The whole bread business, sold to small businesses and directly to consumers, did not go forward when the pandemic came. The microenterprise closed and Viana found a new opportunity in civil construction.

A year ago, when he started at the construction company, he had no knowledge of the area. In the beginning, I worked as an assistant in various functions to learn. Today, he coordinates the operational services, in charge of quality control.

“I joined the contractor thinking it would leave quickly, that it would be something transitory, but I was learning, evolving and growing”, he says. In construction, Viana earns almost double what he used to do in bakery and plans to take a technical course in the area or even go to an engineering college.

This is also the plan of 27-year-old Jacqueline Torres. Graduated in Administration, since May she has been working in the area of ​​merchandise exit at the Mercado Livre distribution center, in Cajamar (SP). He intends to attend a postgraduate course in logistics, a topic that came onto his radar three months ago.

For eight years, Jacqueline worked at a shoe store on 25 de Março Street, a traditional wholesale trade hub. “I took care of the administrative part and sold.”

Despite the good salary, Jacqueline decided to look for another job because she felt stagnant.

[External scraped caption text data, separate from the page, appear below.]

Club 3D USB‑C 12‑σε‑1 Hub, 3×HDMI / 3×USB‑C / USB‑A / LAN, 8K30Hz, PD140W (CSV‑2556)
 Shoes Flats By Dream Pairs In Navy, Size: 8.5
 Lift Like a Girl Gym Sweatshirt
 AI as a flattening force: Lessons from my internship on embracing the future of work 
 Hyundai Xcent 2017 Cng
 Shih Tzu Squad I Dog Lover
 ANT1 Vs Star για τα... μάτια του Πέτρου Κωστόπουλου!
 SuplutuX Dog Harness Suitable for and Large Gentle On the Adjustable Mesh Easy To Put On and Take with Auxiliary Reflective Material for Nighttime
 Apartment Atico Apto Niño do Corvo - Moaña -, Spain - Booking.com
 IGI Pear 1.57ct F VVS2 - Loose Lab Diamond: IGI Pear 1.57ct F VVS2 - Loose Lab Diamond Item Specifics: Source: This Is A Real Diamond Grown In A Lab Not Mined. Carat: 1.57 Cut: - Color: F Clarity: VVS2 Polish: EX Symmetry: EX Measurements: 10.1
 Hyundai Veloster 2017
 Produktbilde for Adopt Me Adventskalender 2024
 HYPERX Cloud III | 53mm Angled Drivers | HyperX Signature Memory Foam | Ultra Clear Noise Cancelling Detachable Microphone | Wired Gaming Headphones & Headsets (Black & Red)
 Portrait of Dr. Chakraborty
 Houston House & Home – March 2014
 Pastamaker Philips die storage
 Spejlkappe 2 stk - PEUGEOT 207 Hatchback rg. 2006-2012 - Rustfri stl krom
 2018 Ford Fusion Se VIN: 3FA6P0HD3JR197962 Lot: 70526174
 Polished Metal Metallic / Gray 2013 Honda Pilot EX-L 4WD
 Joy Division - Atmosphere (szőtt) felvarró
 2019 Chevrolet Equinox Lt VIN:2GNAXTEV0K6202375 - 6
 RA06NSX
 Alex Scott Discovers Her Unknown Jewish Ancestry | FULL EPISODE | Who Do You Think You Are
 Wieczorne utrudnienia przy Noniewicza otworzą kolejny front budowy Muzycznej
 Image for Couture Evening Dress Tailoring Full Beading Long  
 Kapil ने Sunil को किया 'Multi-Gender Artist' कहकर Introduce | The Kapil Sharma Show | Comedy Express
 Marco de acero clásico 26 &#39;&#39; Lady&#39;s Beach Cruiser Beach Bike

In 2019, she got a position in the technology area of ​​another company, but with the pandemic she was fired. After nearly a year looking for a job, she was hired in March 2021 in the marketing area of ​​a food company. But soon the chance to work at Mercado Livre appeared.

Today, she coordinates a team of 75 people, managing everything from order picking to merchandise delivery. He earns twice what he received at his last job and 20% more than the salary in traditional commerce.

“I had to learn everything from the beginning, it was very fast”, he says. She has been at the company for three months, she says it seems like she has been there for a year, given the load of new knowledge.

“We train and form people,” says Patrícia Monteiro, People director at Mercado Livre. For logistics services, the director says that she has been hiring workers from other sectors that are not doing well.

Change. After four years as a bus driver in Piraju, in the interior of São Paulo, Antônio Márcio Sanches, 41, made a radical move: he switched from public transport to a tractor.

With the pandemic, bus travel decreased, and he had his contract suspended. He started receiving government assistance, and income fell. “With the pandemic, it got stuck and left on its own.”

Sanches knew the farmer and zootechnician Miguel Abdalla and accepted the challenge of changing industries. A little over a month, he started driving a tractor and a harvester. He decided to go into agribusiness in search of a bigger gain and got it. “I shoot about 50% more than I earned as a driver.”

In addition to greater income as a self-employed person, he says that the working environment in the field is quieter. While attending elementary school, Sanches wants to take a technical course to pilot agricultural machinery, just as he did for driving a bus.